S
Collections Specialist - Remote
Spartanburg Regional Medical Center
Spartanburg , SC 29306
Posted 3 days ago
Position Summary
This position is 100% remote. We will only consider remote applicants residing in the following US states - AL, AZ, CT, DE, FL, GA, IN, KS, KY, LA, MD, MI, NC, PA, RI, SC, VA, WV, and WI.
The Collections Specialist is responsible for managing and collecting on accounts receivables for all insurance carrier plan services billed through the hospital/physician billing systems.
Minimum Requirements
Education
- Highs School Diploma or equivalent
Experience
- 3 years medical office or medical billing/collections experience in a hospital or centralized billing setting.
- Must possess knowledge of CPT, HCPCS, and ICD-9/10 codes.
- Must have a good working knowledge with insurance explanation of benefits (EOB) and comprehensive understanding of remittance and remark codes.
- Be familiar with multiple payer requirements for claims processing
- Solid skills with Microsoft office with a focus on Excel and Word.
- Good Communication Skills
License/Registration/Certifications
Preferred Requirements
Preferred Education
Preferred Experience
- 4+ years' experience in a centralized billing setting.
- Payer Focused collections experience
- Possess an in-depth working knowledge and experience with all types of insurance billing guidelines: Commercial, Medicare Part A and B, Medicaid, Managed Care plans etc.
- Experience with multiple specialty billing, collections and denials
Preferred License/Registration/Certifications
Core Job Responsibilities
- Collections of all outstanding claims by direct payer contact, utilization of payer websites, and through EDI/Claims systems.
- Research and Resolve all payments issues/errors for insurance balances.
- Responsible to complete all error corrections and insurance updates to the facility/professional claim in order to resolve outstanding denial/issue preventing payment.

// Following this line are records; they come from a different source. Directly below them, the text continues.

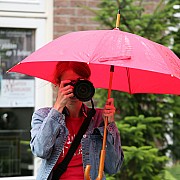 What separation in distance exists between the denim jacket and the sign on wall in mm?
2432

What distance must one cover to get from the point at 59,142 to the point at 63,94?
288mm

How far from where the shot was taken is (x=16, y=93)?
5.38 meters

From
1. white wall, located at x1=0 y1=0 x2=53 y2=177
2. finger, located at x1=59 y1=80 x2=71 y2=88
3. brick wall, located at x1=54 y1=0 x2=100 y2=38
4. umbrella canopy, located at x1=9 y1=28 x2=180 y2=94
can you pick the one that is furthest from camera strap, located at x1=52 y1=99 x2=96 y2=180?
brick wall, located at x1=54 y1=0 x2=100 y2=38

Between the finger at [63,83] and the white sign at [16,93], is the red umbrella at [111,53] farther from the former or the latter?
the white sign at [16,93]

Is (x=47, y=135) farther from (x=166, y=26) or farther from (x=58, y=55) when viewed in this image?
(x=166, y=26)

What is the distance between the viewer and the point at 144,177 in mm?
5078

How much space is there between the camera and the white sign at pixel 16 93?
534 centimetres

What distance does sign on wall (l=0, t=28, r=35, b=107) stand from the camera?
5.36 metres

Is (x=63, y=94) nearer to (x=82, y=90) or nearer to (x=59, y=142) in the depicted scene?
(x=82, y=90)

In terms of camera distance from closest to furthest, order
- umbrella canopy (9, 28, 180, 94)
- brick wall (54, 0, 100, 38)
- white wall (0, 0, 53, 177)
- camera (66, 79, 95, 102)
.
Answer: umbrella canopy (9, 28, 180, 94) → camera (66, 79, 95, 102) → white wall (0, 0, 53, 177) → brick wall (54, 0, 100, 38)

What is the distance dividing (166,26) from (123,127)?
1184 mm

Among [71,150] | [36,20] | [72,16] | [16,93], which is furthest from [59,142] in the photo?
[72,16]

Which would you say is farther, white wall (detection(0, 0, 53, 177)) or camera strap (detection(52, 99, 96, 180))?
white wall (detection(0, 0, 53, 177))

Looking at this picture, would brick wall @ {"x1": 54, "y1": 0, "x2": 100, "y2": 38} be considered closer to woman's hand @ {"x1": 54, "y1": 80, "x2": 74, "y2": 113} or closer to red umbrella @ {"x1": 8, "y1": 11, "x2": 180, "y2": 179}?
red umbrella @ {"x1": 8, "y1": 11, "x2": 180, "y2": 179} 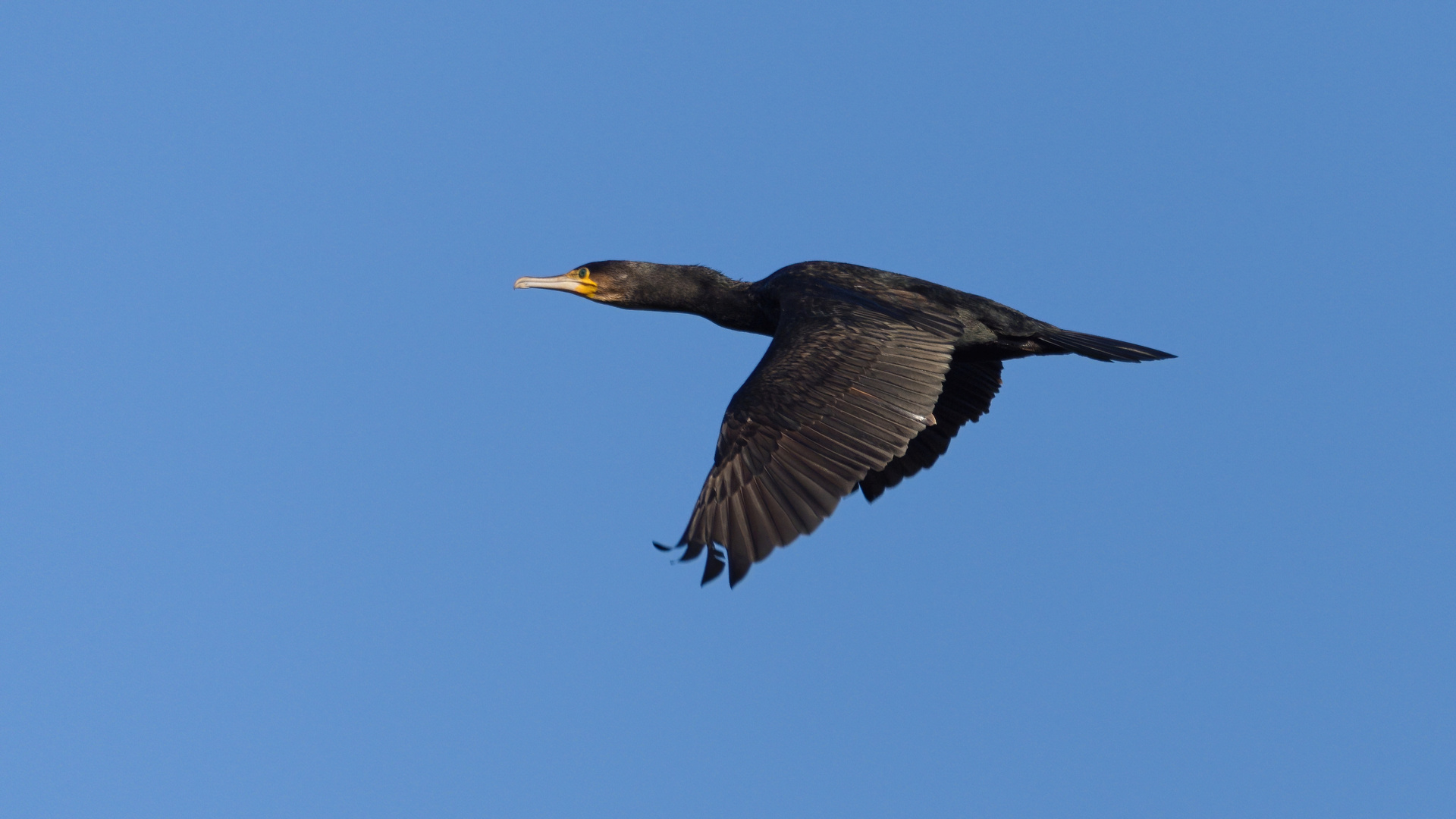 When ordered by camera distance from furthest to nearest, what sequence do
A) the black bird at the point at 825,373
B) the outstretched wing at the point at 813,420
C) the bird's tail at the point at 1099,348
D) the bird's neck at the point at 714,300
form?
the bird's neck at the point at 714,300 < the bird's tail at the point at 1099,348 < the black bird at the point at 825,373 < the outstretched wing at the point at 813,420

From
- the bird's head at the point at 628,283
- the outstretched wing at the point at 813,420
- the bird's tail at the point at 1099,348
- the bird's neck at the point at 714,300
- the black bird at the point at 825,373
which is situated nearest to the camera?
the outstretched wing at the point at 813,420

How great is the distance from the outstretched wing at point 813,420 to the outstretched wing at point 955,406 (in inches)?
44.0

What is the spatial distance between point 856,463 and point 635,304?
419 cm

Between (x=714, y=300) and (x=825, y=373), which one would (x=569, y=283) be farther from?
(x=825, y=373)

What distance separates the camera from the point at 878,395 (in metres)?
8.59

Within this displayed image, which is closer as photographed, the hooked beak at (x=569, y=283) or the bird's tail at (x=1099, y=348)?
the bird's tail at (x=1099, y=348)

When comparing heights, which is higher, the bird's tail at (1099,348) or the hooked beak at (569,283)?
the hooked beak at (569,283)

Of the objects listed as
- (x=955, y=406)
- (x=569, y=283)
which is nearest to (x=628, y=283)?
(x=569, y=283)

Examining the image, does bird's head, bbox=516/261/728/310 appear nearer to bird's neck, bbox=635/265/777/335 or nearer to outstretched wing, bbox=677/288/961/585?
bird's neck, bbox=635/265/777/335

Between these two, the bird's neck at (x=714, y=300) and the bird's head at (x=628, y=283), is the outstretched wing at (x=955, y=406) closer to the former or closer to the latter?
the bird's neck at (x=714, y=300)

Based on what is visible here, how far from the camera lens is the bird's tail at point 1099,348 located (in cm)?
1005

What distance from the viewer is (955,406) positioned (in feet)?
A: 34.9

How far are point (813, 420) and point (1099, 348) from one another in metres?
2.87

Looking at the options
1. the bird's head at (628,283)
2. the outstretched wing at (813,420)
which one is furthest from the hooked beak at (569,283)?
the outstretched wing at (813,420)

- Complete claim corrections, coding research requests, as needed to manage outstanding AR.
- Responsible for handling all retro-authorizations for multiple payers.

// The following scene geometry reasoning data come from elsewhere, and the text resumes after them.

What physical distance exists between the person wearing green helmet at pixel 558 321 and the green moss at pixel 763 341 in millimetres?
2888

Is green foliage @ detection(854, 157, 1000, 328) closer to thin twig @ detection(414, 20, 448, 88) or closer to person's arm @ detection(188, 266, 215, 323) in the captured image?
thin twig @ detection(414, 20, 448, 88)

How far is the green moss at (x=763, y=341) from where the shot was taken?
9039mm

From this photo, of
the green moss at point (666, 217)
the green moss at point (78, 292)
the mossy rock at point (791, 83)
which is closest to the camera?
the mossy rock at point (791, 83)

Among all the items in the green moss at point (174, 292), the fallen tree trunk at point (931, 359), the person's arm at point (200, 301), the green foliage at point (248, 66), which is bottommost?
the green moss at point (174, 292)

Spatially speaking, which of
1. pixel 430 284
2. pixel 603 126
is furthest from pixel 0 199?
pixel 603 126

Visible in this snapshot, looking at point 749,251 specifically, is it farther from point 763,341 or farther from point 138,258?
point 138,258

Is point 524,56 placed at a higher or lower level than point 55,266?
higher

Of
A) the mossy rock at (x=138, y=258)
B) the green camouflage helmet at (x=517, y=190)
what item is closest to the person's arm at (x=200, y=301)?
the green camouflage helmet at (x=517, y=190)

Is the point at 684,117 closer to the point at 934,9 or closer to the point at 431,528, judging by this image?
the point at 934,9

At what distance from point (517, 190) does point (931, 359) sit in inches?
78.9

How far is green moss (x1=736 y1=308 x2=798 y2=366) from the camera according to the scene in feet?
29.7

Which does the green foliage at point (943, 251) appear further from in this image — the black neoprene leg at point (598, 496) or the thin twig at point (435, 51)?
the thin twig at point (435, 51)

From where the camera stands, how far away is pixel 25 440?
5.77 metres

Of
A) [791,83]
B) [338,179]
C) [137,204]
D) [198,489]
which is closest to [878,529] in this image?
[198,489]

- Must possess the ability to work in different systems including claims eligibility, online payer claims system, case management as well as all AR management systems.
- Work payer denials and perform all necessary rework for reimbursement of denied services.
- Work closely with multiple departments to obtain necessary information to resolve outstanding AR.
- Update and verify insurance records as needed to correct outstanding accounts.
- Must have working knowledge of registration, payment posting, error correction and other billing functions.
- Manage time and job responsibilities in order to meet monthly goals
- Exhibit professionalism and good customer service skills.
- Other duties as assigned.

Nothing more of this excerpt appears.